福音館文庫に同時収録されているもう一遍もたいへん良かった。あの時代の空気をリアルに感じられた。 -
2020.4
山での生活。厳しい環境のはずなのに。でもなんて爽やかでユーモアがあってあったかいんだろう。暮らしって生活ってきっとこういうもの。人が集まって暮らすってこういうこと。ねこのトムさんが目に見えるようだ。そして、全然物語が古びてなくて、これは本物の力だと思う。 -
映画を観たので、読んでみました。映画とは時代設定も違うけど、ほっこりする世界観は同じ。私が子供の頃よりさらに一時代以上前の話だけど、それでも懐かしい。戦後の貧しい中、物がなくても人々の心は温かかったんだなと気持ちがほんわかした。
-
【収録作品】山のトムさん/パチンコ玉のテボちゃん
*猫を中心に回る一家の様子を大らかに描いているので、何気なく読んでしまうが、実際はかなり厳しい生活だったことだろう。「おかあさん」と「ハナおばさん」のしなやかな強さが好もしい。 -
児童書の翻訳や創作で有名な石井桃子さんの実話を元にした物語。最近たまたま石井さんの山の生活に関する記事を読んだばかりだったので、より感慨深く読みました。
山の中で開墾生活を始めたトシちゃんの家にネズミ退治の為に貰われてきた雄猫のトムの物語。家の人たちのあとをついて野山を駆け巡るトムの姿が愛らしいです。文章が実に素朴で、素朴だからこそ山の生活の大変さと実直さが伝わってきます。 -
石井桃子さんの自叙伝的な話。開墾生活を始めたネズミだらけの家に来たネコのトム。家族に愛され犬のように一緒に山歩きするトムとの逸話。
ぜひ子どもに読んでもらいたい一冊。
時代の事、女性が働く事、元の木阿弥、豪傑などわざと平仮名表記で点付きの言葉の数々…素晴らしい一冊!
小林聡美さんが映画化しているとか。そちらもみてみたい。
パチンコ玉のテボちゃん こちらもクスッと笑える心温まる話。現代ではあり得ない、当時では当たり前の環境。そんな違いも子ども達の柔軟な頭の時にぜひ一読される事を願う。 -
北国の山の中で開墾生活をするお母さんとトシちゃん。一緒に住むのはお母さんの友達のハナおばさんとその甥のアキラさん。
そして、ネズミ退治にと飼い始めた雄猫のトム。
4人と1匹がみな対等に暮らしている気持ち良さ。厳しい暮らしのなかにも工夫と笑いがたくさん織り込まれており、全体的におおらかさを感じ、優しい気持ちになった。
映画を観た後だったせいか、イメージしやすく、読み進められた。心が忙しすぎた時、一度断念していたので、読めて良かった。

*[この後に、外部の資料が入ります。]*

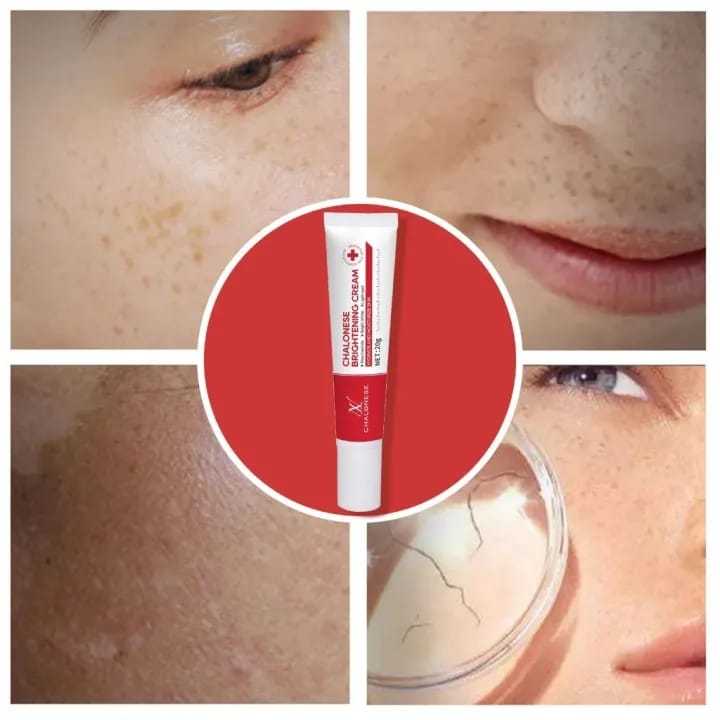 Chalonese%20Brightening%20Cream%2020g%20for%20Dark%20Spots%20&%20Pigmentation%20%7C%20Face%20Cream%20for%20Acne%20Marks,%20Sun%20Damage%20&%20Uneven%20Skin%20Tone%20%7C%20Daily%20Brightening%20Formula%20for%20Clear,%20Smooth%20&%20Naturally%20Radiant%20Skin%20-%20Image%205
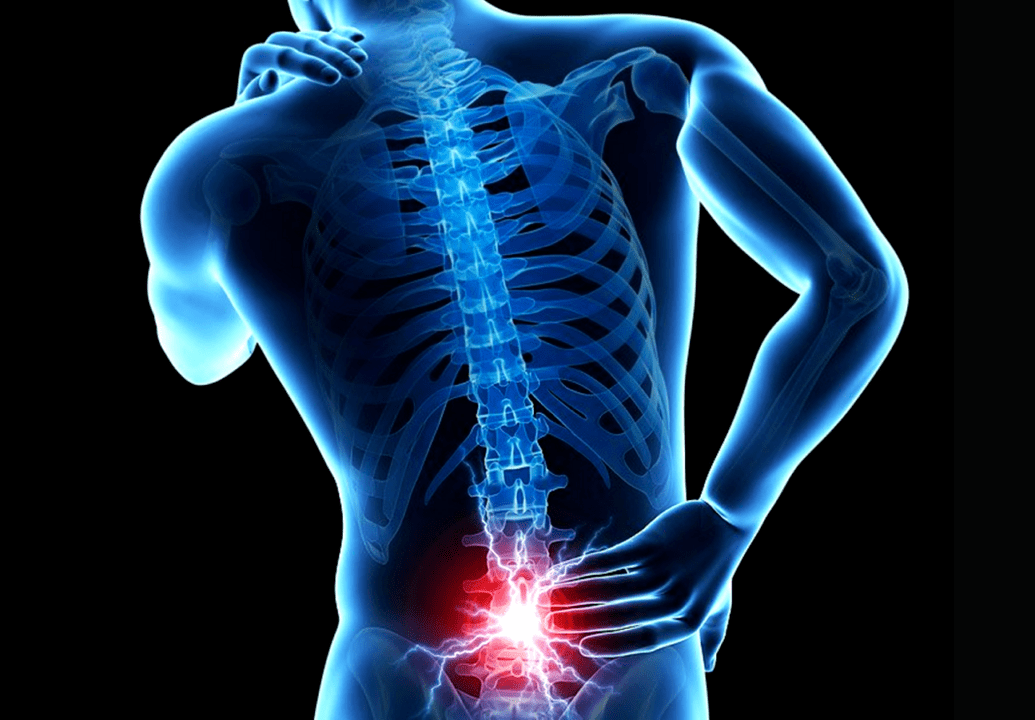 jostas daļas osteohondrozes pazīmes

石井桃子さんの自伝的作品と聞き、たくましい人だったのだなぁと感じ入る。そして、こんな日常のささいな、けれどとても素敵な出来事の数々を物語に昇華させていることに、あー、いいなぁ。私も毎日をこんな目でみて暮らしたいな、出来れば書き残したいなとつくづく思った。
石井桃子さんのことばが独特で素敵。時間の節約のことを時間の経済と言ったり。トムがネズミと戦うのをおどる、と言ったり。新鮮だった。
トムが狂ったようにネズミを捕る時期、友達をこっそり家に入れてお客の布団に忍び込ませていた話、病気になって牛のお産と一緒に診てもらった話…トムに振り回されながらも生活を楽しむお母さんたちの態度が素敵。
最後のクリスマスのお話はラストにふさわしく、心に残った。キジをとったアキラさんをみんなでワーワー出迎えるシーンは映画のように見えた。
パチンコ玉のデボちゃんもいい話だった。こういう子どもは今もたくさんいて、周りの大人が何をしてあげられるかなのかな、と考えさせられた。
小学校中級以上とあるが、大人が読んでも十分楽しい。
子どもには生活が想像しづらいがもしれないが、1話1話読んであげたい。きっと猫が好きになるはず。
私もまた読みたい。 -
ずっと読みたかった本。期待通り。
ネズミ退治の為に家族になった猫のトムとの生活が生き生きと描かれていて、和む。 何回も読み返したくなるような素敵な一冊に出会えて嬉しい。